CULTIVATION AND USES
The vegetation usually called "freesias" are derived from crosses manufactured in the 19th hundred years between F. refracta and F. leichtlinii. Numerous cultivars have been bred from these varieties and the red- and yellow-flowered types of F. corymbosa. Modern tetraploid cultivars have blossoms ranging from white to yellow, green, red and blue-mauve. They are mostly cultivated skillfully in the Netherlands by about 80 growers.[3] Freesias can be easily increased from seed. Due to their specific and attractive scent, they are often used in side products, shampoos, candles, etc.[citation needed], however, the blossoms are mainly used in wedding bouquets. They can be planted in the show up in USDA Hardiness Areas 9-10 (i.e. where the temperature will not land below about -7 ?C (20 ?F)), and in the planting season in Zones 4-8.
Freesia laxa (formerly called Lapeirousia laxa or Anomatheca cruenta) is one of the other species of the genus which is commonly cultivated. Smaller than the scented freesia cultivars, it includes flat alternatively than cup-shaped plants. Extensive 'forcing' of this bulb occurs in two Moon Bay in California where several growers chill the lights in proprietary solutions to satisfy frigid dormancy which results in development of buds within a predicted quantity of weeks - often 5 weeks at 55 ?F (13 ?C).

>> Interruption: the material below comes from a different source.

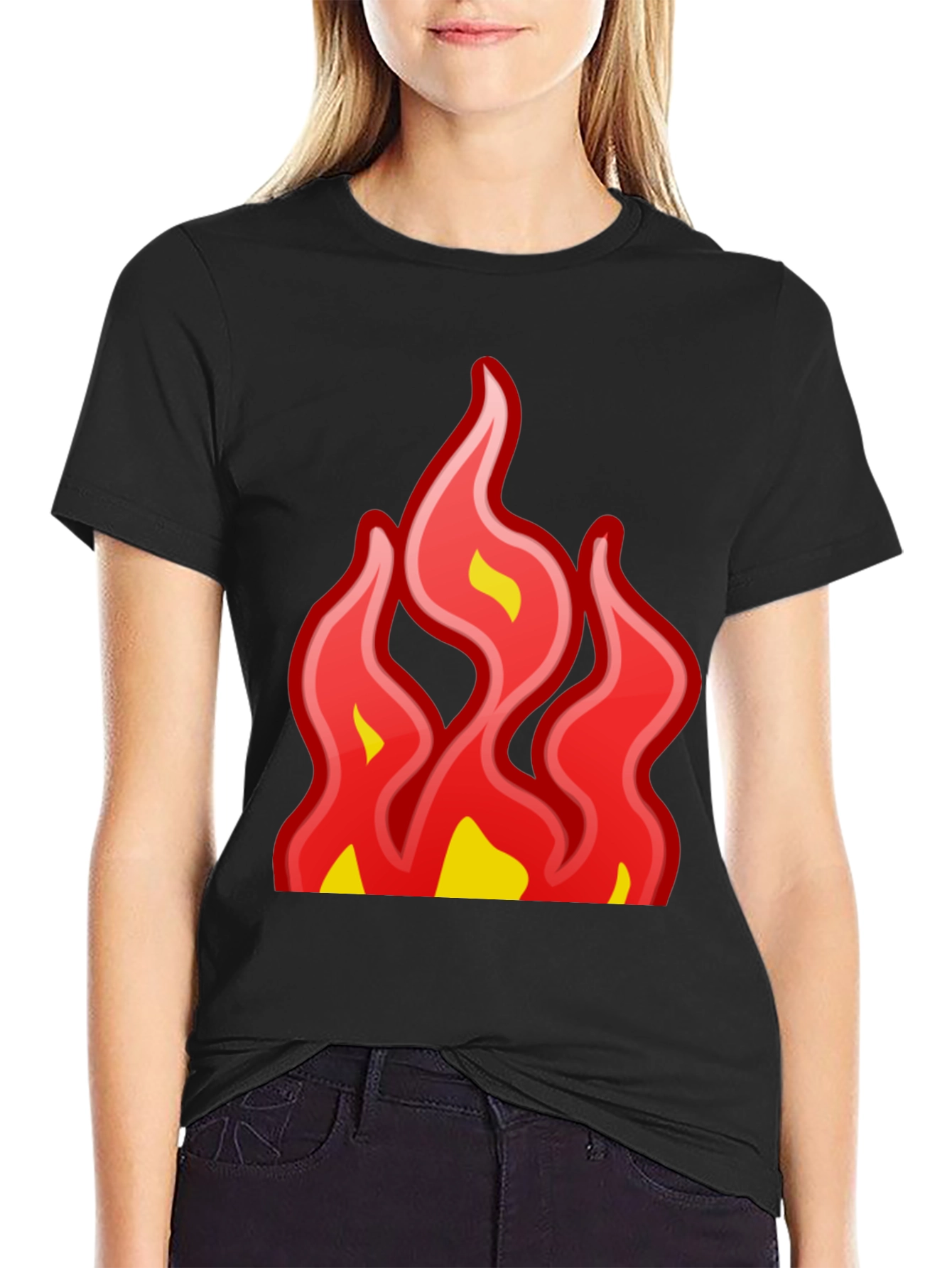 Fiery Graphic Tee - Bold Statement T-Shirt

Herbaceous plant life (in botanical use frequently simply natural remedies) are plants that have no continual woody stem above floor. Herbaceous vegetation may be annuals, biennials or perennials. Annual herbaceous plants expire completely at the end of the growing season or when they have got flowered and fruited, plus they then increase again from seed. Herbaceous perennial and biennial vegetation may have stems that pass away by the end of the growing season, but parts of the plant survive under or near the bottom from season to season (for biennials, until the next growing season, when they flower and pass away). New progress advances from living tissue remaining on or under the ground, including origins, a caudex (a thickened portion of the stem at walk out) or various types of underground stems, such as bulbs, corms, stolons, rhizomes and tubers. Examples of herbaceous biennials include carrot, parsnip and common ragwort; herbaceous perennials include potato, peony, hosta, mint, most ferns & most grasses. By contrast, non-herbaceous perennial crops are woody plants that have stems above earth that continue to be alive during the dormant season and grow shoots the next time from the above-ground parts - these include trees and shrubs, shrubs and vines.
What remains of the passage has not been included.